Abstract Background Hepatocarcinogenesis is initiated by repeated hepatocyte death and liver damage, and the underlying mechanisms mediating cell death and the subsequent carcinogenesis remain to be fully investigated. Immunoresponsive gene 1 (IRG1) and its enzymatic metabolite itaconate are known to suppress inflammation in myeloid cells, and its expression in liver parenchymal hepatocytes is currently determined. However, the potential roles of IRG1 in hepatocarcinogenesis are still unknown. Methods Hepatocyte-specific IRG1 knockout mice were constructed to examine the role of IRG1 in hepatocarcinogenesis using diethylnitrosamine (DEN) and stelic animal model (STAM)-induced mouse models.

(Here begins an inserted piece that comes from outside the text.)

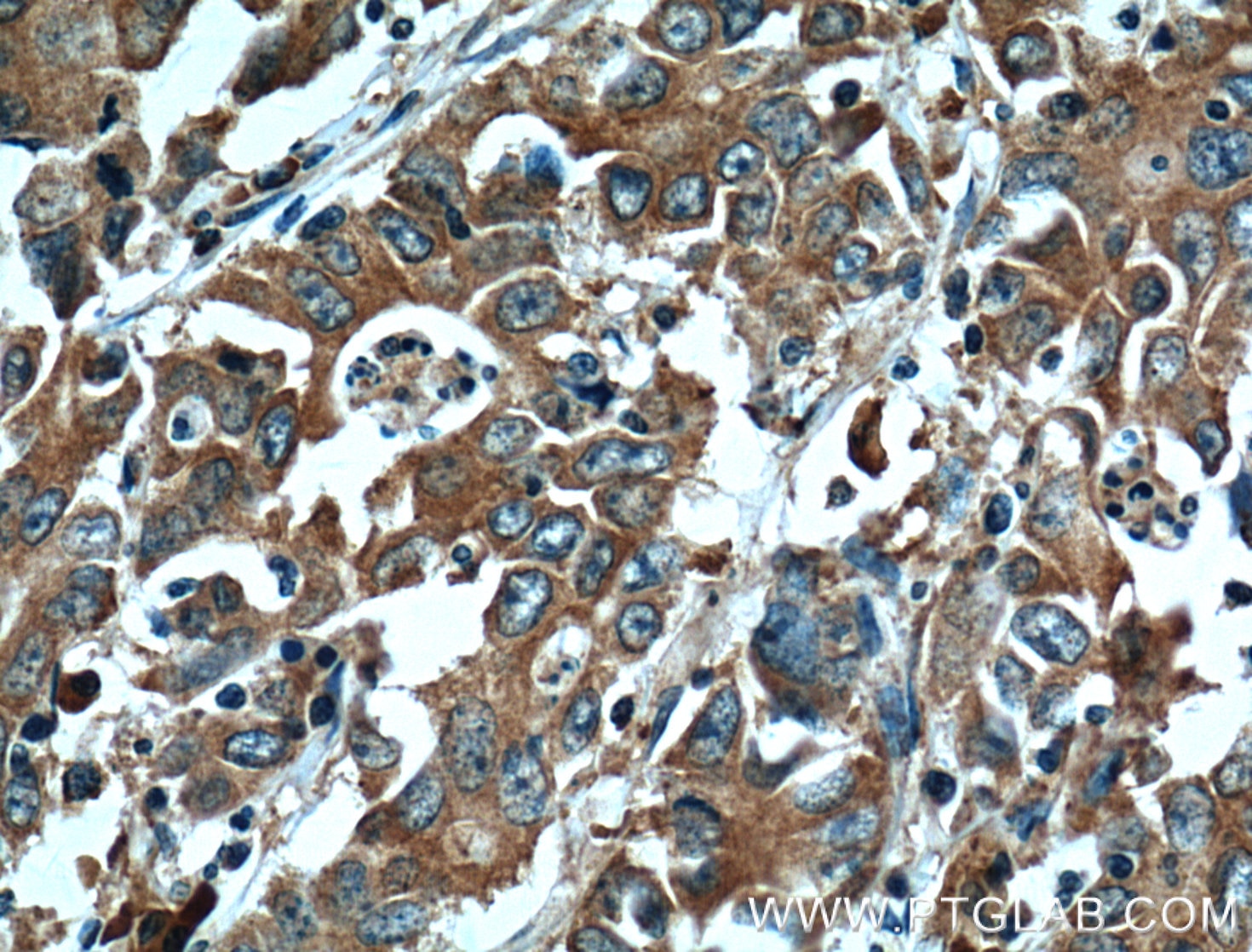 Immunohistochemistry (IHC) staining of human stomach cancer tissue using EPHA1-specific Monoclonal antibody (60155-2-Ig)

Molecular and biological experiments were performed to explore the mechanisms of hepatic IRG1 in promoting hepatocyte apoptosis and carcinogenesis in vivo and in vitro. Results Here, using the diethylnitrosamine (DEN)-induced hepatocarcinogenesis mouse model, we found that IRG1 expression in hepatocytes was markedly induced upon DEN administration. The DEN-induced IRG1 was then determined to promote the intrinsic mitochondrial apoptosis of hepatocytes and liver damage, thus enhancing the subsequent hepatocarcinogenesis. However, the pro-apoptotic and carcinogenesis-promotive functions of IRG1 were independent on its catalytic product itaconate. Mechanistically, we found that the mitochondrial IRG1 could associate and trap anti-apoptotic Mcl-1 to inhibit the interaction between Mcl-1 and pro-apoptotic Bim, thus promoting Bim activation and downstream Bax mitochondrial translocation, and then releasing cytochrome c and initiating apoptosis. Conclusions The inducible mitochondrial IRG1 promotes hepatocyte apoptosis and the following hepatocarcinogenesis, which provides mechanistic insight and a potential target for preventing liver injury and HCC.